You really should consider at least trying Orangutan-Lib, which David linked to in his original post. It contains functions for driving the motors, writing to the LCD, and reading analog voltages, and it works with the Orangutan mega168. If after trying it you find you want something else, then I’d consider going with one of our newer Orangutans (such as the Orangutan SV or Baby Orangutan B) and the Pololu AVR library.
I can’t help you with opening microvalves without knowing details about the valves and their interface.
Thank you for the input. I’ll definitely try out the “Orangutan-Lib” and hopefully be able to make some headway.
For the micro-valves, I’m looking into something similar to Micro-Miniature solenoid valves from ASCO. I’m not sure yet whether these specific ones will work for my application and am still researching the options.
The AVR I/O pins can generally source/sink up to 40 mA, so how you control your valves really depends on how much current it takes to control them. If they require more than can be supplied with an I/O line, you will need to use external components such as MOSFETs to deliver power to the valves.
Ben, thank you for the I/O pin information, I didn’t consider the current limitation of the pins. This will really help as I’m researching valve options.
Thank you for pointing out the Orangutan-Lib. It’s been a fantastic resource to help me get started using my Orangutan.
I have a follow-up question related to ADC voltage inputs for the Orangutan Mega168.
I am trying to generate a simple voltage input using a 3V battery hooked up to ADC6. I am hooking up the battery with positive side to “signal” and negative to “ground”. The microcontroller behaves erradically when I try to do this. Is this expected?
When making a connection you expect to be within spec, erratic behavior from the microcontroller is never the expected outcome! Can you be more specific about the nature of this erratic behavior? Are you sure you’re connecting this battery right?
If you want an easy way to test your ADC line, try alternately connecting it to the +5V bus on your Orangutan and ground while displaying the measured voltage on the LCD. You could also set up a voltage divider between VCC and ground using two resistors if you want to try measuring an intermediate voltage.

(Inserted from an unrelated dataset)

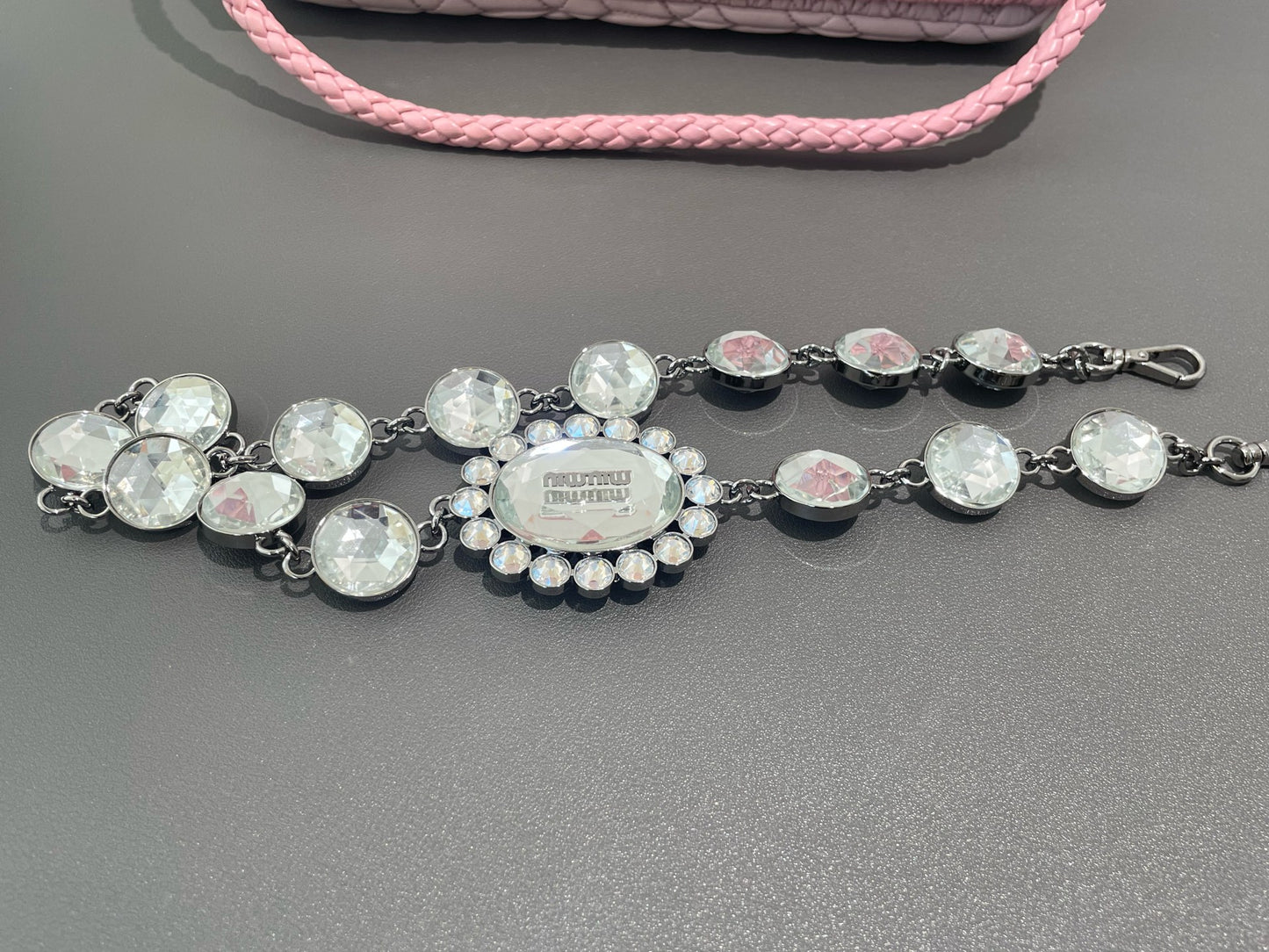 Miu Miu - Matelassé Crystal Chain Bag - Lambskin leather - Pink - (small)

I thought I should mention that if you connect the 3V battery to the ADC input when the Orangutan’s power is off, you could definitely get “erratic” behavior. In general, any microcontroller connected to a voltage higher than its VCC will draw power from that connection, and 3V might be just enough to turn the Orangutan on.

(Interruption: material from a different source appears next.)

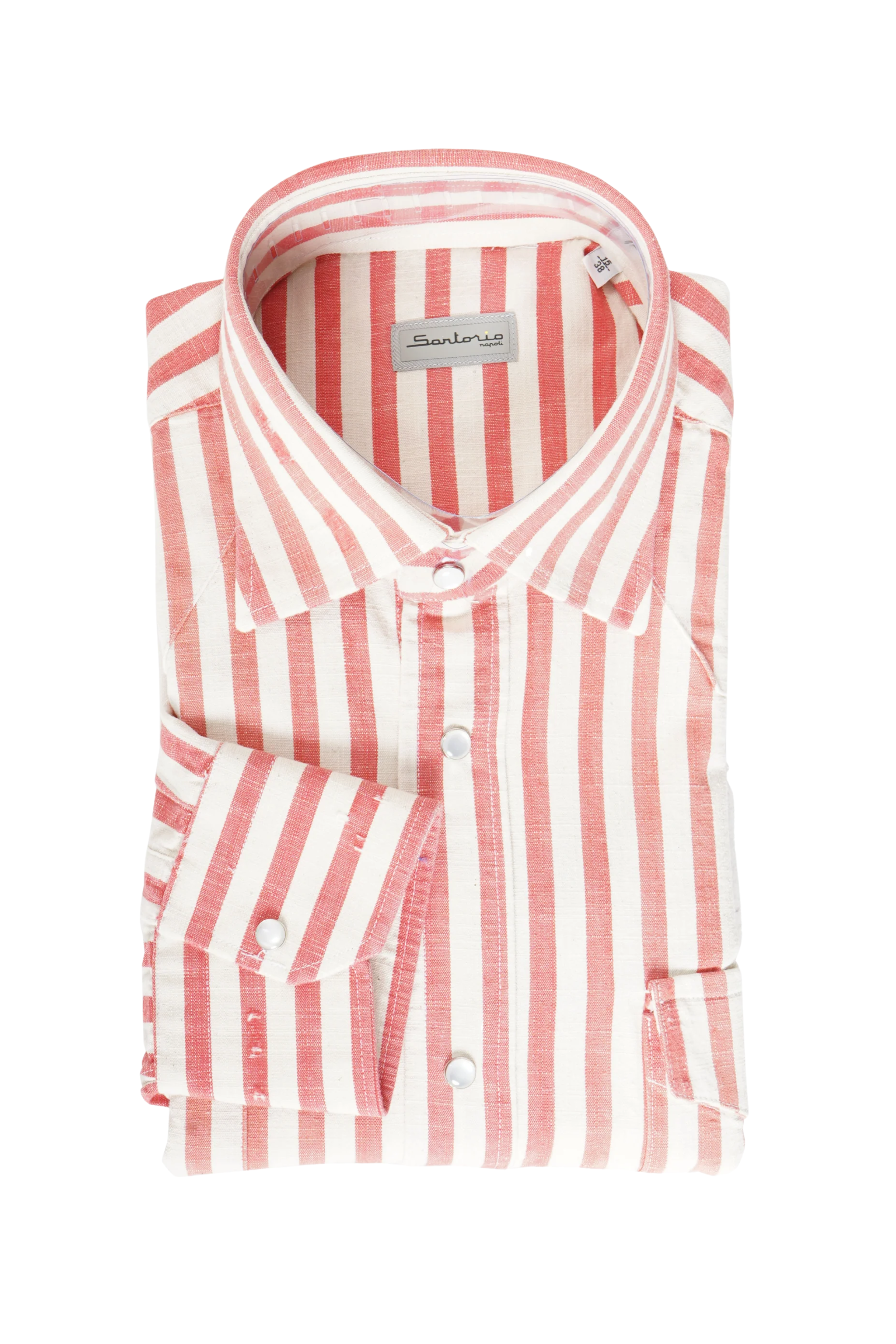 Sartorio Jumbo Pinstripe Denim Snap Button Cotton Overshirt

I would like to use one of the pin sets as a Digital Output to simply turn a motor on then off. To protect the microcontroller, it was suggested to connect to the pin-set that uses the LB1836 H-Bridge. From the schematic, does that mean to use PB1, PD5, PB2, PD6? I don’t see where those are located on the pin-out.
Also, I have a general question about the picture showing the pin-out description. Could you please tell me what pins PB3, PB4, and PB5 are referred to?
Hi. I think I figured out the answer to my previous post. There are 2 motor ports, I think they’re PD5/PD6 for motor control 1 and PD3/PB3 for motor control 2. These are the ones I can use as digital outputs for motor control.
The motor driver IC is already connected to the microcontroller I/O lines on the board; these I/O pins are not brought out to headers and you do not need to route them anywhere yourself. I recommend you use the Orangutan-Lib motor control functions. You’re already using Orangutan-Lib for the LCD and I think this will be much easier than trying to implement it yourself.
PB3, PB4, and PB5 are the I/O lines connected to the three user pushbuttons (see the schematic).